• [WHAT TO PRODUCE]: From the line that contains "Middelfart Barstol, microfiber, lysebrun, sorte" down to the last line of the data below, restate every line word for word, skipping any images.

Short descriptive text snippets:
Content starts
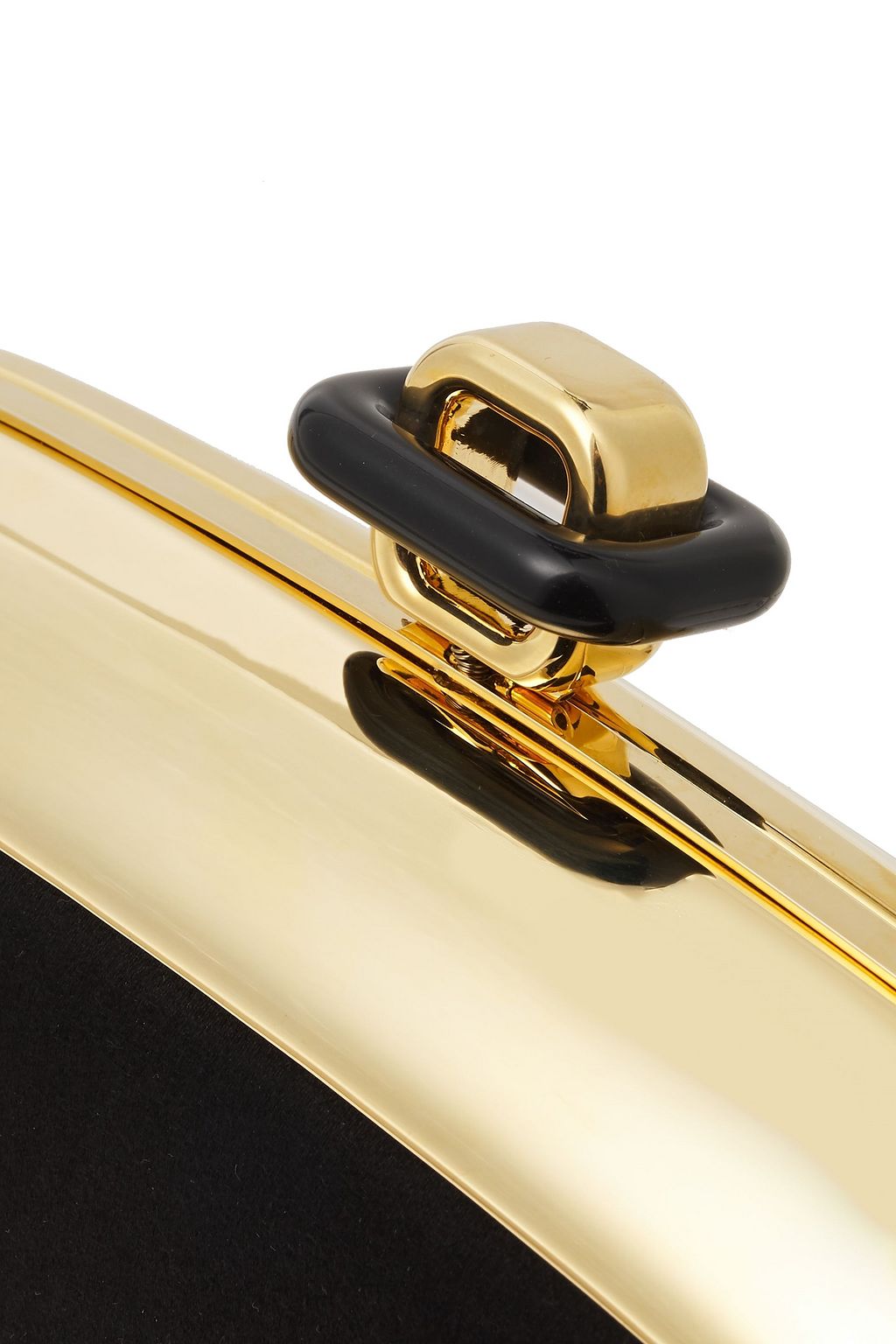 ROGER VIVIER Satin-paneled silver-tone box clutch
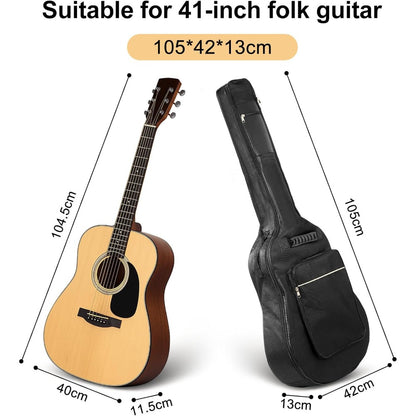 Acoustic Guitar Bags 41 Inch Classical Guitar Bags 105X42X13cm Guitar Case Backpack with Thick Padding Acoustic Soft Guitar Cover Adjustable Shoulder Straps Soft Case Bag for Acoustic Guitar
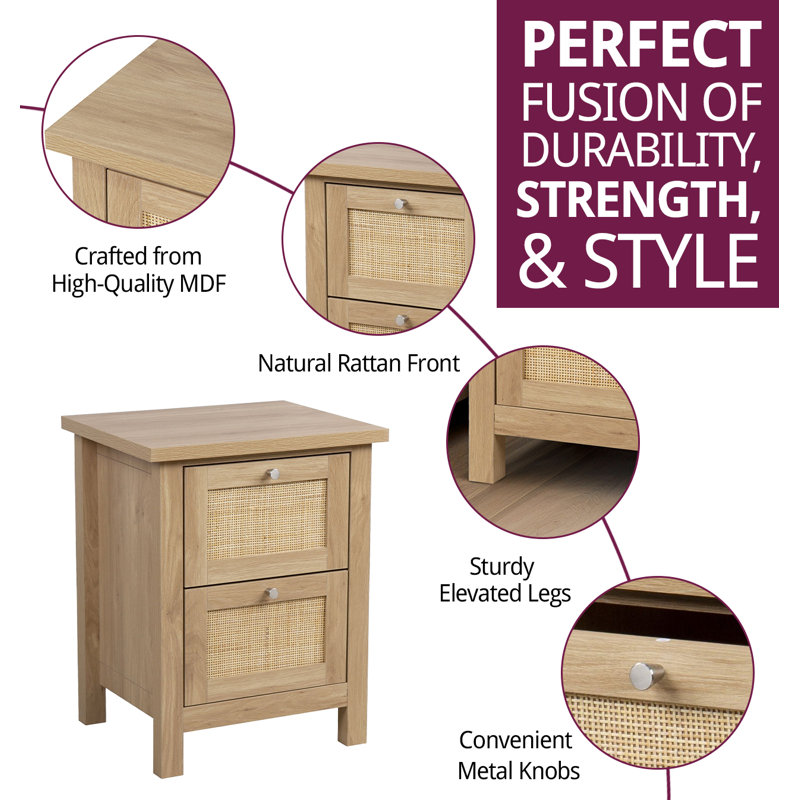 Ludden 48cm W Manufactured Wood Bedside Table, Brown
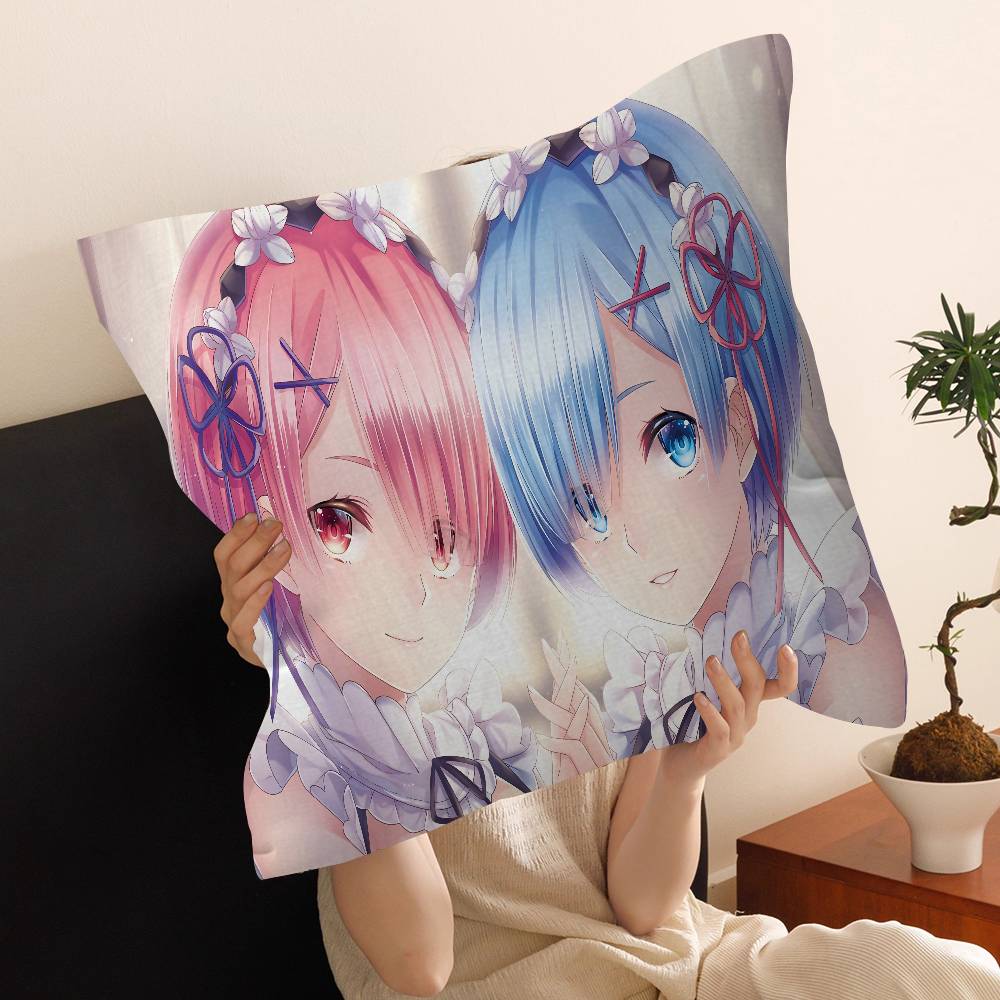 Anime Re Zero Cushion Cover Inches Farmhouse Decor Home Throw Pillow Covers for Couch Decorations
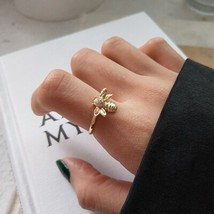 Bee 925 sterling silver gold color adjustable rings simple fashion design cute r - £18.72 GBP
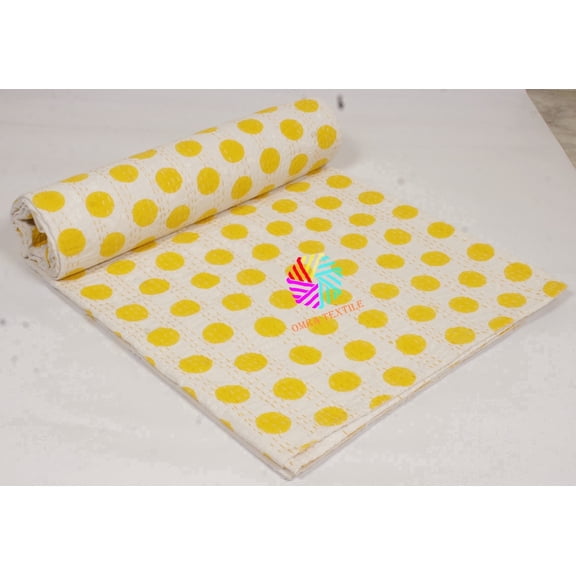 Ozark Textile Handmade Indian Block Print Kantha quilt handmade patterns Yellow Polka Dots on White Background - Vibrant and Cheerful Design
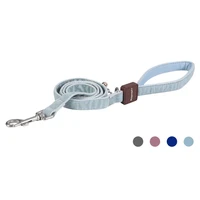 reflective dog leash for small medium dog with comfortable handle and nylon webbing shiny suede fabric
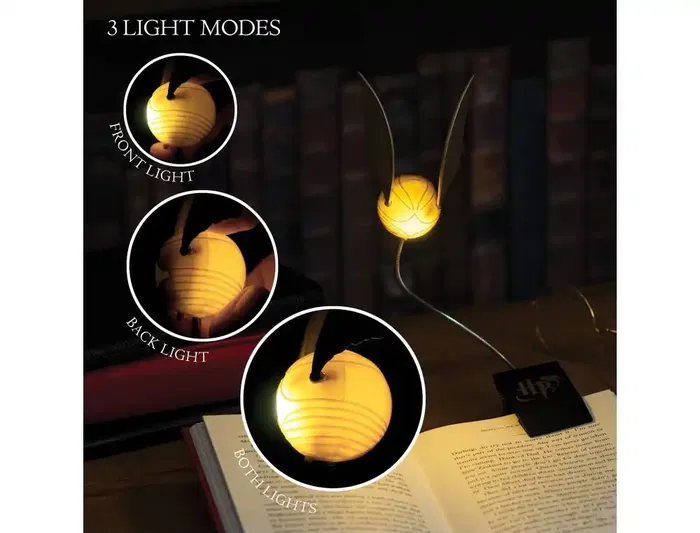 Wondee Lámpara Harry Potter Snitch Dorada con Clip para Lectura y Estudio, Luz Mágica para Fans del Mundo Mágico, Cable Flexible 20 cm, Medidas 145x1x80 mm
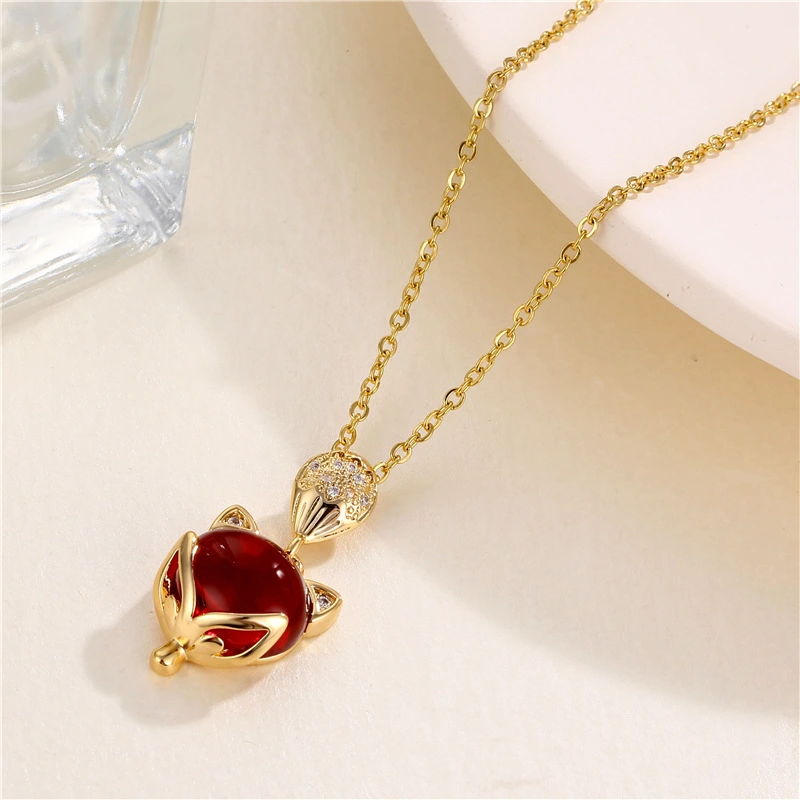 Red Pendant Little Fox Necklace With Zircon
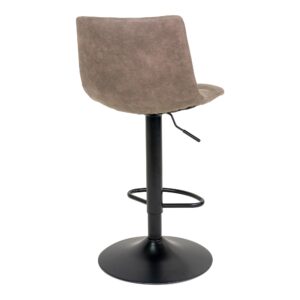 Middelfart Barstol, microfiber, lysebrun, sorte ben, HN1281 – sæt af 2 - Billede 4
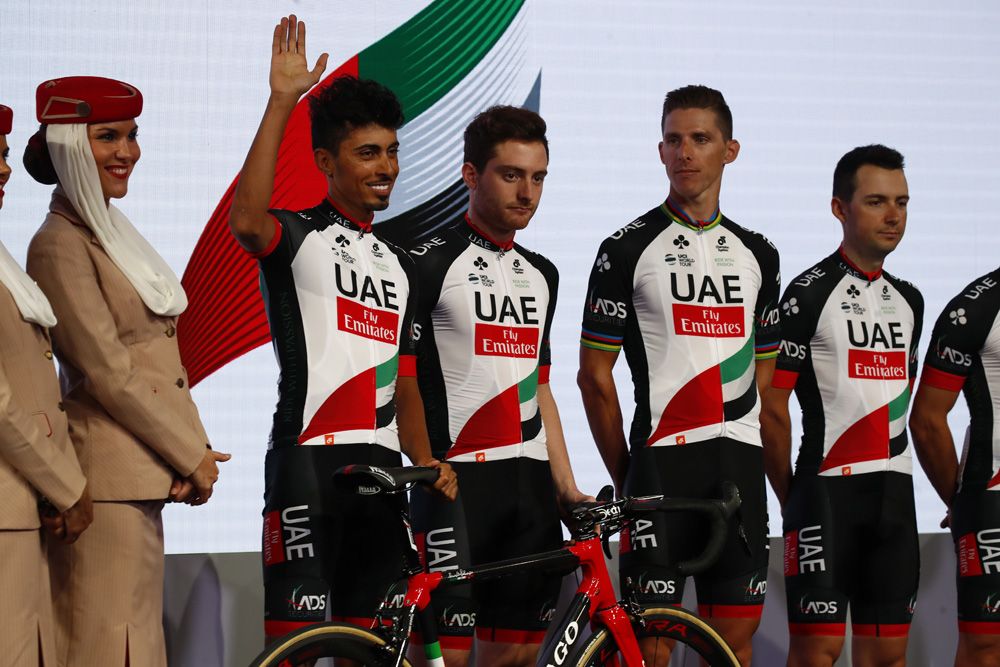 Yousif Mirza (UAE Team Emirates) wavs at the presentation of new sponsor Emirates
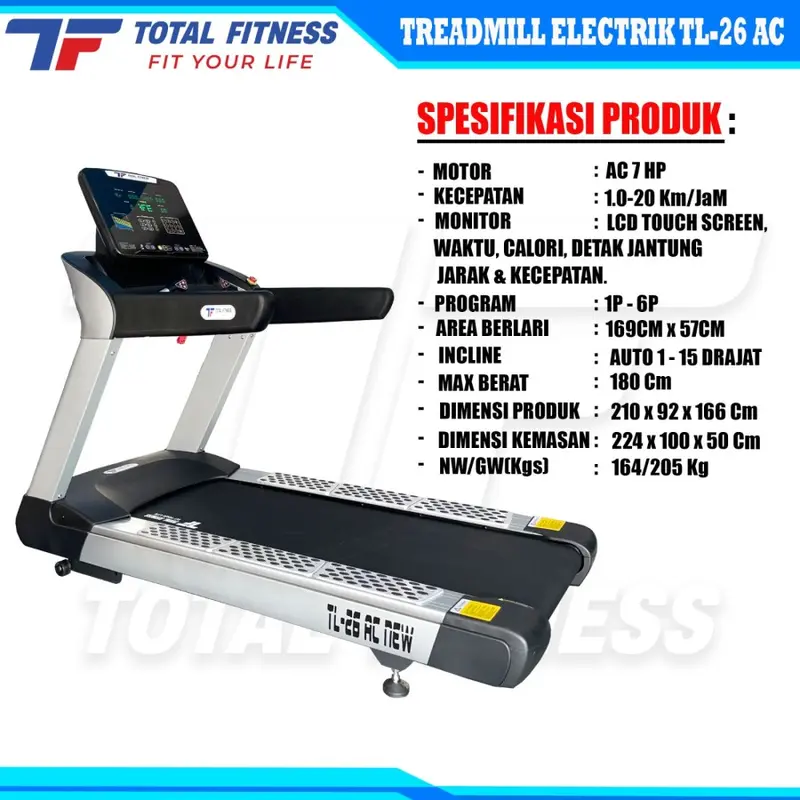 NQG - New Alat Olahraga Gym Fitness Commercial Big Treadmill Listrik Elektrik Total TL 26 AC New 4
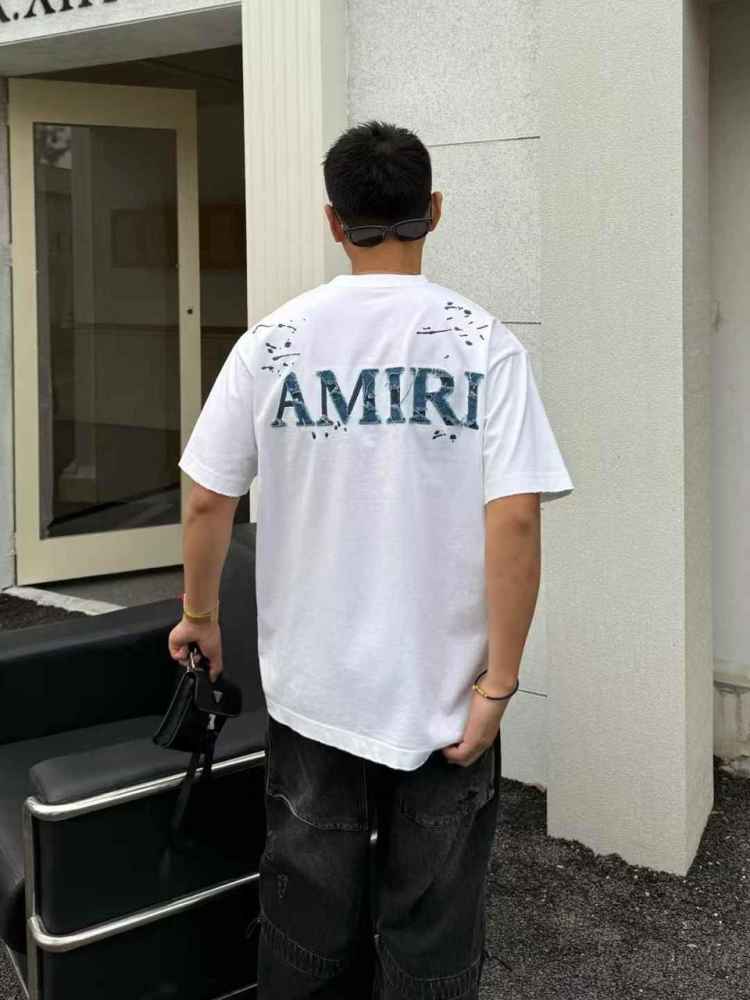 Amiri White Premium Quality Baggy Fit T-shirt-thumb-1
Content ends
• [SOLUTION TO THIS EXERCISE]:
 Middelfart Barstol, microfiber, lysebrun, sorte ben, HN1281 – sæt af 2 - Billede 4
 Yousif Mirza (UAE Team Emirates) wavs at the presentation of new sponsor Emirates
 NQG - New Alat Olahraga Gym Fitness Commercial Big Treadmill Listrik Elektrik Total TL 26 AC New 4
 Amiri White Premium Quality Baggy Fit T-shirt-thumb-1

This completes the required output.